|
Texto Anterior | Índice
CIÊNCIA
Médicos justificam emprego de substâncias inócuas, em vez de remédios, em estudos sobre tratamentos de Aids
Uso de gestantes-cobaias é aprovado
DANIELA SANDLER
da Reportagem Local
O uso de placebos (substâncias
inócuas) em vez de medicamentos
em pesquisas com gestantes portadoras de HIV foi considerado eticamente correto por um consenso
entre pesquisadores, médicos e administradores de saúde nos EUA.
Segundo a declaração desses
profissionais, publicada no sábado
na revista médica britânica "The
Lancet", o procedimento, que causou controvérsia, é justificado "em
certas circunstâncias".
Outros médicos acham que nada
justifica que pessoas recebam
substâncias inócuas quando a medicação para tratá-las é conhecida.
O debate que motivou a declaração começou em 1997, quando a
revista norte-americana "The New
England Journal of Medicine" publicou textos condenando o uso de
placebos em testes feitos em países
subdesenvolvidos.
"Única alternativa"
Os testes foram feitos na Tailândia, em Burkina Fasso e na Costa
do Marfim, e seus resultados foram publicados na mesma edição
da revista "The Lancet" em que
aparece a declaração.
Nesses testes, os pesquisadores
queriam saber se o uso de zidovudina (conhecida pelo nome comercial de AZT) por curtos períodos reduziria o risco de o recém-nascido ser infectado pelo HIV durante o parto.
Em outras palavras, queriam saber se pouco AZT é melhor do que
nenhum AZT. Para isso, escolheram, ao acaso, um grupo de controle entre as gestantes soropositivas estudadas.
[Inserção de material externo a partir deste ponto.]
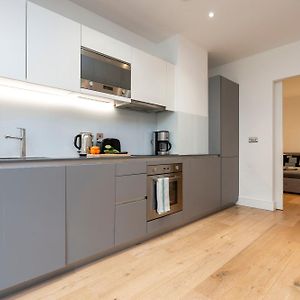 Appartement à 2 Chambres à Coucher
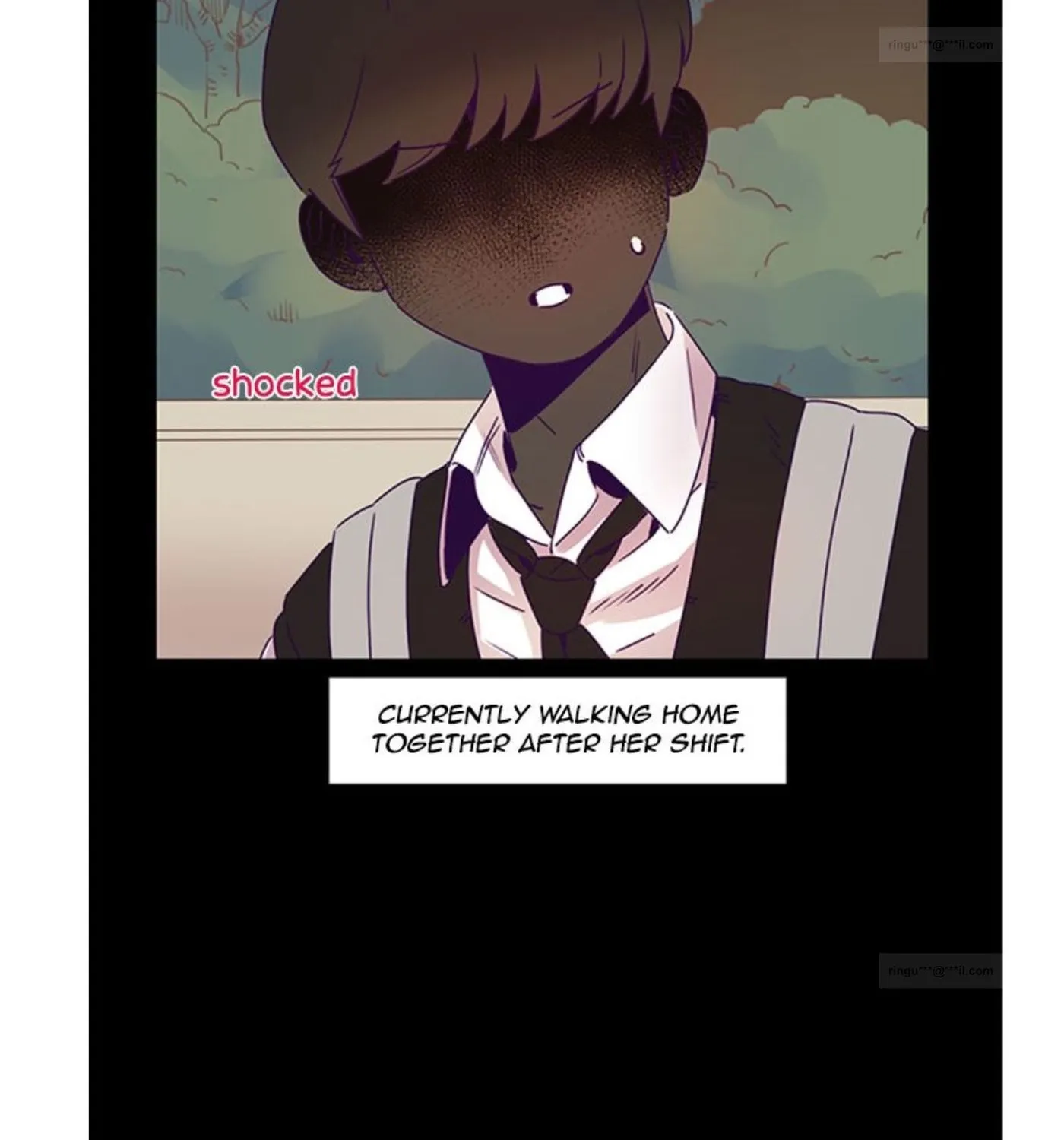 You At First Sight Chapter 53 page 25 - 
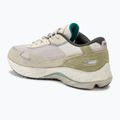 Schuhe Mizuno Wave Rider Beta silver cloud/white sand/cedar 3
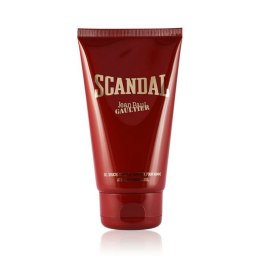 Gel and Shampoo Jean Paul Gaultier Scandal Scandal Pour Homme 150 ml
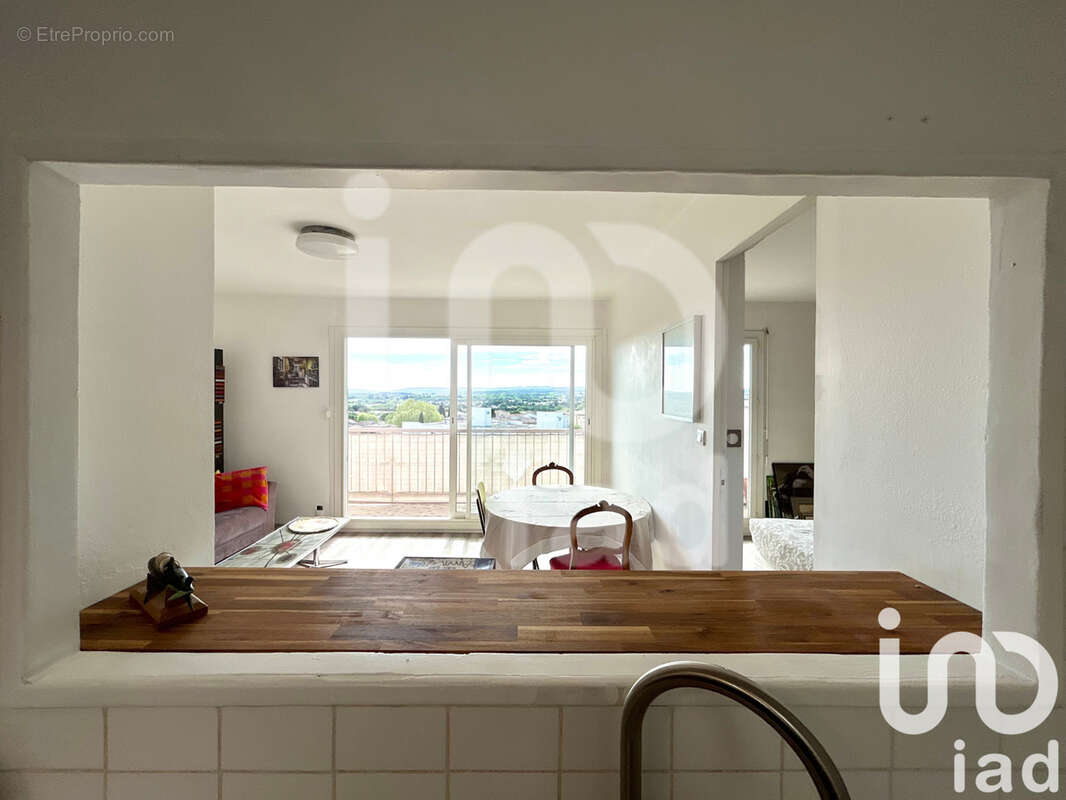 Photo 7 - Appartement à MONTPELLIER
Esse grupo recebeu
placebo -substâncias sem efeito.
Os pesquisadores concluíram
que o tratamento com AZT por
uma média de 20 dias reduziu em
50% o risco de a mãe transmitir
HIV ao filho.
A cientista norte-americana Catherine Wilfert, co-autora da declaração favorável ao placebo, disse à Folha que não havia outra maneira de provar a eficácia do tratamento curto, e que esse tratamento
é a única alternativa em países pobres, onde o governo não tem como fornecer medicamentos por
períodos mais longos.
A pesquisadora norte-americana
Marcia Angell havia argumentado
na "New England", em 1997, que
testes que comparem dois tratamentos só são justificados quando
não há certeza sobre qual procedimento é melhor.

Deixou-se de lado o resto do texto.